第54夜 星空を仰ぐ何人にも、女神の誘いは降る…『星世界たんけん』
2018/07/08
「星は何千万年何百億年っていう長ーい一生だけど/人間や犬、植物と同じ――/せいいっぱい生きて新しい生命のたねを飛ばして死んでいく――/それをくりかえす生命そのものはずっと続くのよ」「ずっと?」「そう/ずっと――」
『星世界たんけん』加賀谷穣 作・画、山岡均 監修、星の手帖社 1992年6月
星に手がとどきそうな夜――。小学校6年生の正男(まさお)は哀しみにくれながら望遠鏡を覗いていた。飼っていた犬のロンを、自分の不注意から交通事故で亡くしたばかりだった。同級生の女の子、星弥(せいや)に慰められても気持ちは晴れない。
そんな時、夜空にひときわ輝く流れ星が現れ、2人に向かって落ちてきた。地上に落ちてきたのは、ギリシアの女神のようないでたちをしたセレネと名乗るお姉さんだった。着地の時に望遠鏡を壊してしまったお礼にと、セレネさんは驚く2人を星空の世界へと誘う。重力について、星が光る仕組み、星雲と星の誕生、そして星の死――。セレネさんに導かれ、2人の星世界探検が始まった。
星空遊泳へ
既に幾度か書いたが(第42夜、第49夜)、どういうわけか子どもの頃から星空が好きで、学生の頃は寒い季節に山の入って夜通し流星群を観るなんてこともやった。数年前、久々に星を観ようと長野県某所に観望旅行をした時、昼間にふと入ったプラネタリウムの売店で見つけたのが本作である。
むかし学研から『○○のひみつ』という学習漫画シリーズが出ていたが(確認したところ現在も後継版があるようだ)、本作はそのテンプレートを踏襲した、由緒正しい作風となっている。続編があと2冊あり、全3巻で星世界、太陽系、大宇宙のそれぞれを、案内役の女神様(?)と少年少女の3人を介して探検できる。

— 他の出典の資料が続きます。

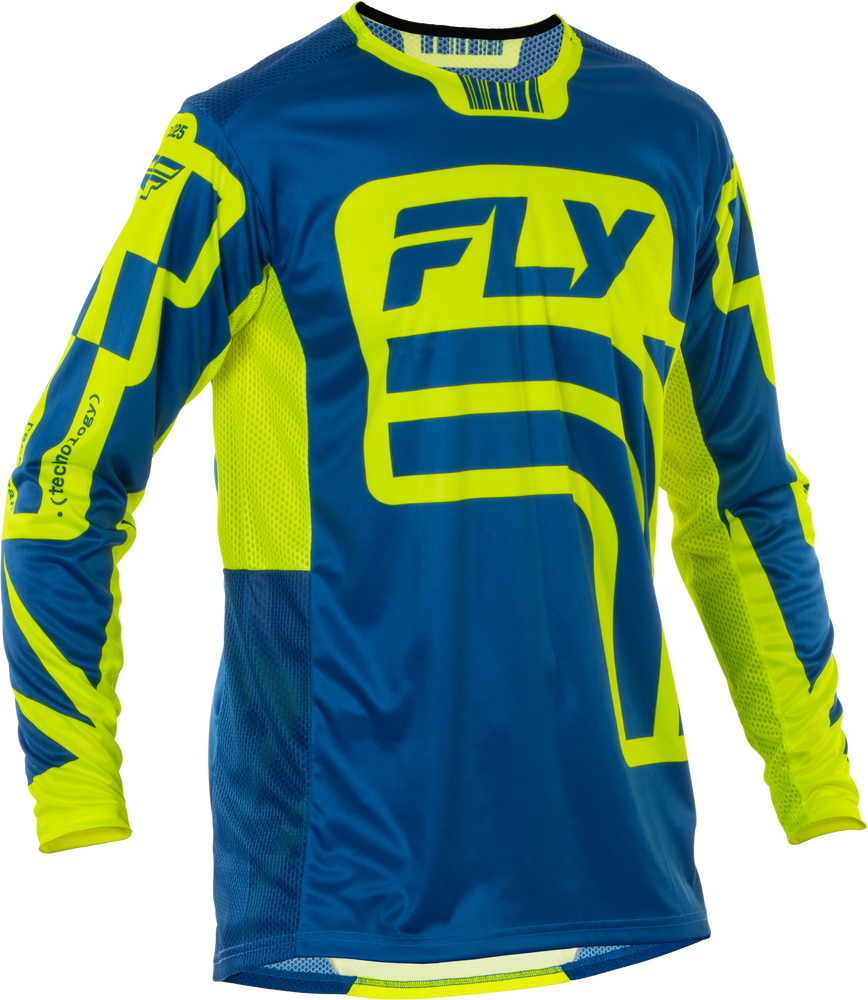 FLY Racing 2025 Youth Lite Lancer Jersey Navy/Hi-Vis Youth X-Large
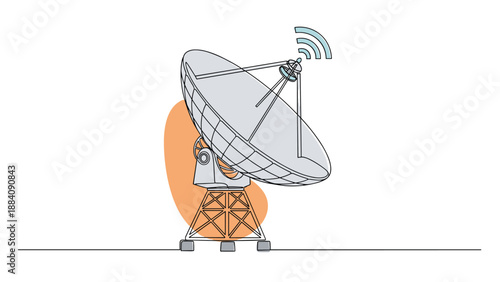 Continuous line drawing of a large satellite dish antenna transmitting telecommunication signals against a minimalist background.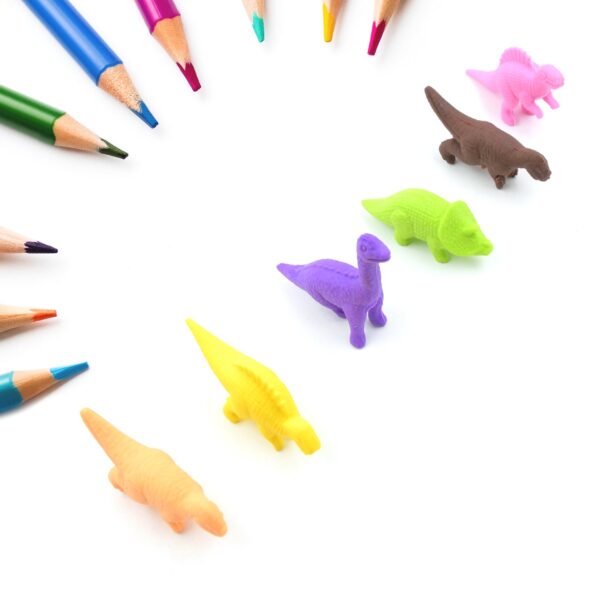 Dinosaur Shaped Erasers Animal Erasers for Kids, Dinosaur Erasers Puzzle 3D Eraser, Mini Eraser Dinosaur Toys, Desk Pets for Students Classroom Prizes Class Rewards Party Favors (6 Pcs Set ) - Image 3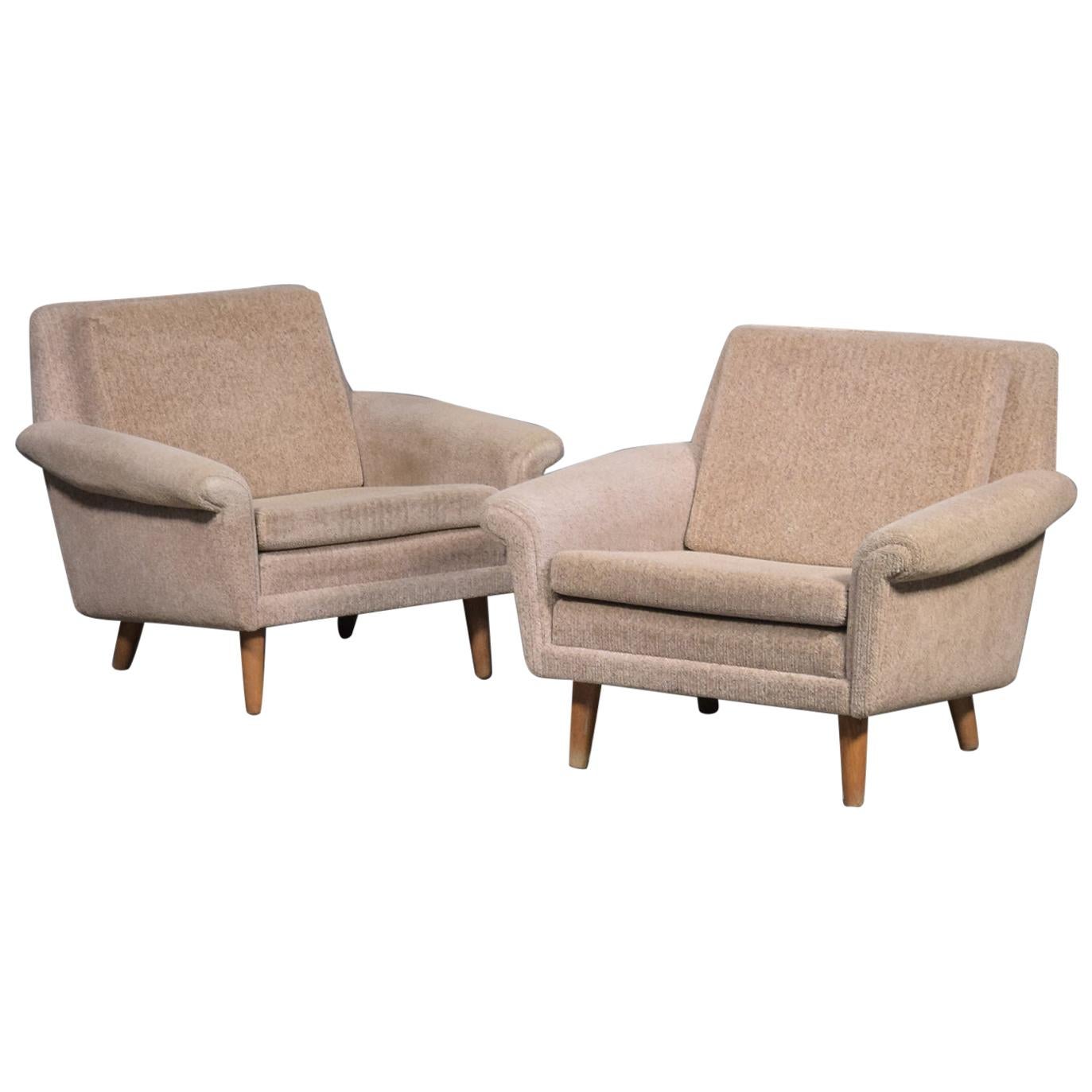 Pair of 1960s Easy Lounge Chairs Model Diplomat by Aage Christiansen for ERAN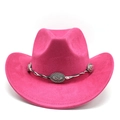 Detail van roze suède cowboyhoed met gegraveerde zilveren gesp en geweven band - M(56-59CM) / Rozerood (Suèda)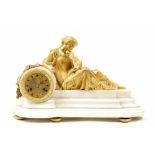 French white marble and ormolu two train figural mantel clock, the 3" gilt chapter ring indistinctly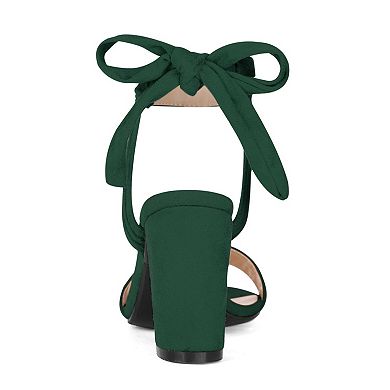 Women's Open Toe Tie Back Ankle Strap Block Heels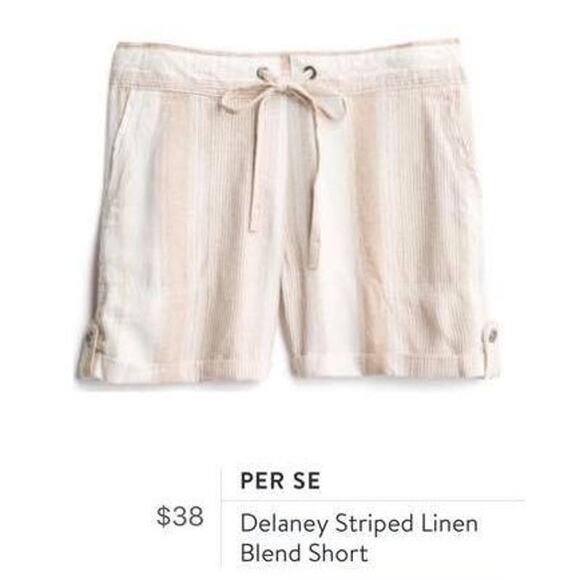 Per Se LARGE Delaney Striped Linen Blend Short - Stitch Fix Elastic Waist - Picture 4 of 6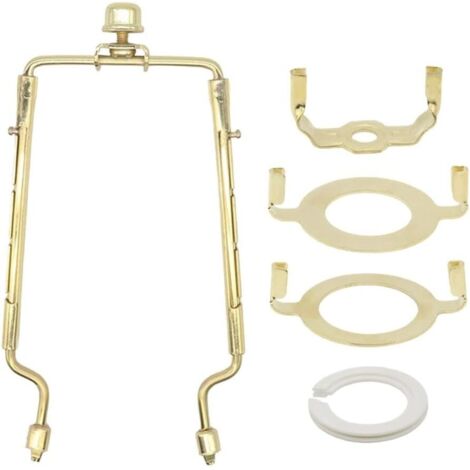 Kit d'abat-jour harpe 20,3 cm réglable en hauteur support en métal avec plusieurs adaptateurs pour compatibilité avec différents supports d'ampoule y compris convertisseur E14 (doré)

漫画作品としての作画は荒削りな感があるし(作者は天体のイラストが本領)、テンプレートに沿っている以上、話の構成に独創性が溢れているわけでもない。にもかかわらず本作が魅力的なのは、作者の天文愛ゆえではないだろうか。星の一生を目の当たりにして壮大な台詞が展開されるが、そこに照れや嘘がない。だから大人が読んでも真摯に聞き入れ、宇宙に想いを馳せることができるのだ。
いつでも彼女は
本作の成功にはセレネさんという案内役のキャラクターも欠かせなかっただろう。金髪碧眼に白い古代風ワンピースという出で立ちの、恐らくギリシア神話の女神という出自を持っている彼女だが、本作では宇宙について深く知り、天翔ける神秘的な能力を持ちつつも、カラオケ好きでアジのたたきが好物という、まことに親しみの持てる性格を付加されている。そんな彼女の子ども達に注がれる眼差しは、宇宙の始原から終末までを知る女神としての透徹と、その中で刹那に等しい時を生きている2人への慈しみが共存しており、夜天を統べ人々の夜を守護するという女神の伝説に相応しい。

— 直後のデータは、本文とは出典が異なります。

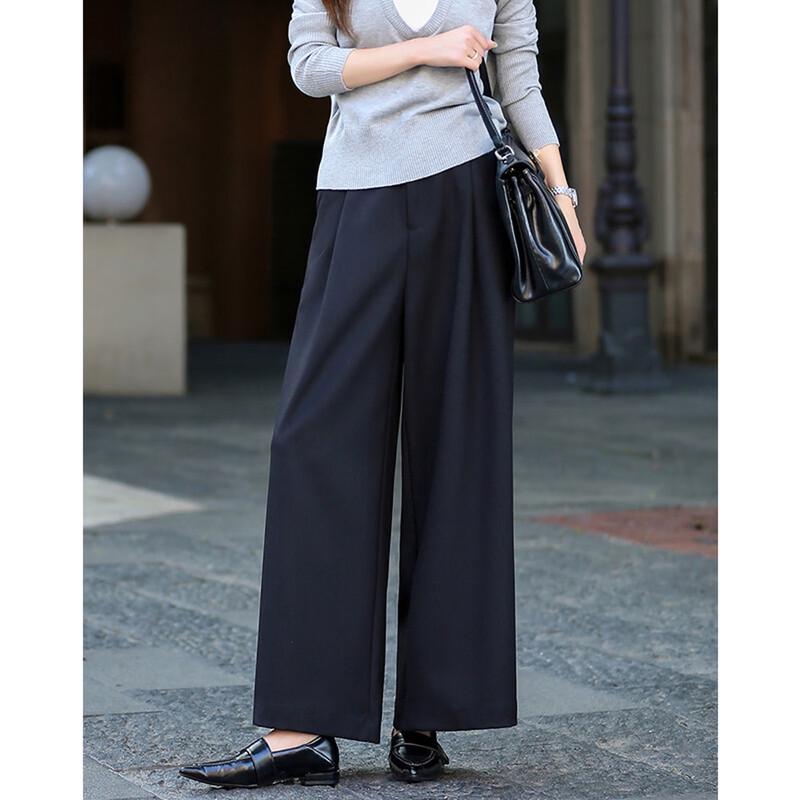 Demana Women's Pleated Wide-Leg Commuter Trousers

それにしても、昔どこかで同じように彼女から何か教えてもらったような、そんな錯覚を抱くのはなぜだろう。もしかしたら、ユング心理学で云われるところの女性性の原型像である「アニマ」や「大地母神」が、期せずして紙上に結ばれた像こそが、彼女なのかもしれない。正男と星弥は読者の分身なのだ。宇宙を思う時、いつでも女神は探検に連れ出してくれるだろう。
*書誌情報*
本作および続編2冊は、普通の街の書店やamazonなどのネット書店でも、ほぼ流通していないようである(たまに中古の出品はある模様)。
版元の星の手帖社オンラインショップか、星空関係の出版・ソフトウェア開発を手がけているアストロアーツのオンラインショップで入手できるが、在庫は僅少のもよう(どちらも、2018年7月8日現在品切れ)。
不幸にもどうしても読みたいのに品切という際には、自分のようにプラネタリウムや科学館の物販コーナーをこまめに探すか、ネット古書店やオークションサイトに頼るのがいいだろう。